Tuesday, June 05, 2007

The Iron Age Settlement at Warbreck: Part One

(This posting turned out to be slightly longer than we’d originally anticipated and has, therefore, been divided into three parts. Apologies for any interruptions in advance.)

The view from the rock gardens on the summit of Knowle Hill at Warbreck, as anybody who’s ever stood there and gazed out towards the Pennines would agree, is unsurpassed along the Fylde Coast. The Irish Sea, the River Wyre and the Fleetwood Peninsula are all clearly visible at once, making this the perfect choice for an Iron Age fort.
Warbreck’s name was first mentioned in a document of 1279 where it was recorded as ‘Warthbreck’. That’s a Norse word, of course, the ‘breck’ part referring to the hill itself, and the ‘Warth’…well, that’s where different people have their own interpretations. Most historians believe that the ‘Warth’ refers to a beacon. We think differently.
Knowle Hill’s original name was Beryl Hill, recorded by William Thornber as having a cairn on its summit that was used in the 1760s to warn of invasion by Napoleon Bonaparte. Interestingly Lord Burleigh’s map of 1590 records the location of all the beacons in the area. Preesall Hill, for example, is shown with a crude but very obvious beacon. Beryl Hill, however, doesn’t sport any such drawing, which is odd, don’t you think?
We’ve reproduced Burleigh’s map below, such as it is. (Burleigh wasn’t much of a cartographer it must be said.) As always, just click on the thumbnail for the larger version.

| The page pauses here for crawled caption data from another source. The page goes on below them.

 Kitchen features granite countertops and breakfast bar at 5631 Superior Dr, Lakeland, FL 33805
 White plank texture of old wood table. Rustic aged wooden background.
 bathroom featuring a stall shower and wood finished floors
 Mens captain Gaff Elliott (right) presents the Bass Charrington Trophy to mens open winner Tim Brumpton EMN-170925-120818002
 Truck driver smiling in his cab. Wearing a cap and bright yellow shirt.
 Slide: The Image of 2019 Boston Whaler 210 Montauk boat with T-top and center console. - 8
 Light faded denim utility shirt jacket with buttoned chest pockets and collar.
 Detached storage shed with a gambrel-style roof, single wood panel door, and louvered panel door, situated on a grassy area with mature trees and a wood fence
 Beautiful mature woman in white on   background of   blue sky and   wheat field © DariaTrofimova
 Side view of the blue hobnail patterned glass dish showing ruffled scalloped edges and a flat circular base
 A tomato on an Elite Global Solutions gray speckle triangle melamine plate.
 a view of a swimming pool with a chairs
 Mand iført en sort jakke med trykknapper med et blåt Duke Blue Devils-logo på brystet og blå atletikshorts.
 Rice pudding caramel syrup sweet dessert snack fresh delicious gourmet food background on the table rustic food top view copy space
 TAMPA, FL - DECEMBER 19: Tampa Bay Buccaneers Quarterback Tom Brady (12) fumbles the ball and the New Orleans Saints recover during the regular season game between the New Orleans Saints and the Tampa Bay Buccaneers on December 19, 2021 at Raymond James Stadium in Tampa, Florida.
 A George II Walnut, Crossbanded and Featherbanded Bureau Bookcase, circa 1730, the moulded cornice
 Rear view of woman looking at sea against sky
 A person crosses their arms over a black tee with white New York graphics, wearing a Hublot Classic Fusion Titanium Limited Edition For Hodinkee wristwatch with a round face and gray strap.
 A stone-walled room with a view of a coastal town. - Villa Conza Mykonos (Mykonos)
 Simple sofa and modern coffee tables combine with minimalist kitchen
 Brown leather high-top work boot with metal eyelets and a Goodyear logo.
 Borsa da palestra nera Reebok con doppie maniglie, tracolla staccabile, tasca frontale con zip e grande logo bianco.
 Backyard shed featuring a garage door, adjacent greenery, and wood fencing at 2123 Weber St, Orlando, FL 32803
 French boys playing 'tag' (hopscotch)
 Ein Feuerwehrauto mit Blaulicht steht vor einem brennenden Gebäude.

The cairn, of course, has now long since gone, but the idea that it was originally a beacon seems to have no real foundation. It’s possible, of course, that by the 1760s (Napoleon’s time) a beacon had been erected on Beryl Hill, but if that were the case then it wasn’t included on contemporary maps, and the idea that Beryl Hill’s name is a corruption of ‘Beacon Hill’ is a bit of a hard pill to swallow.
Here’s our suggestion; Beryl Hill is actually a local dialect corruption of ‘Burial Hill’, the land beneath the water tower having once been a pagan burial ground. ‘Warbreck’, we’d also like to suggest, signifies a guard post or watchtower, rather than a beacon. The Norse word ‘Varth’ (pronounced Warth as in the 1297 spelling of ‘Warthbreck’) actually refers to ‘being on one’s guard’, the slightly longer noun ‘Varther’ being specifically a cairn used as a guard post.
Whilst the flattest section of the summit of Knowle Hill does afford incredible views of Fleetwood, the Wyre and Bispham cliffs, the view towards Blackpool is less accommodating and, anybody building an Iron Age settlement there would have required a lookout post slightly further to the south.
This description of the hill is provided by William Thornber in his ‘History of Blackpool and its neighbourhood’ before the housing estates now blocking the view came into existence: “If the visitor be desirous of viewing the country at one glance, let him accompany me along the north bank of the sea to Beryl hill, near Warbreck. Here, mounted on a lofty speculum, he will have a delightful prospect of the Welsh hills, Blackpool and all the places before mentioned.”
In other words, all the places that the view from the slightly less elevated, but considerably flatter, part of the hill to the north doesn’t encompass.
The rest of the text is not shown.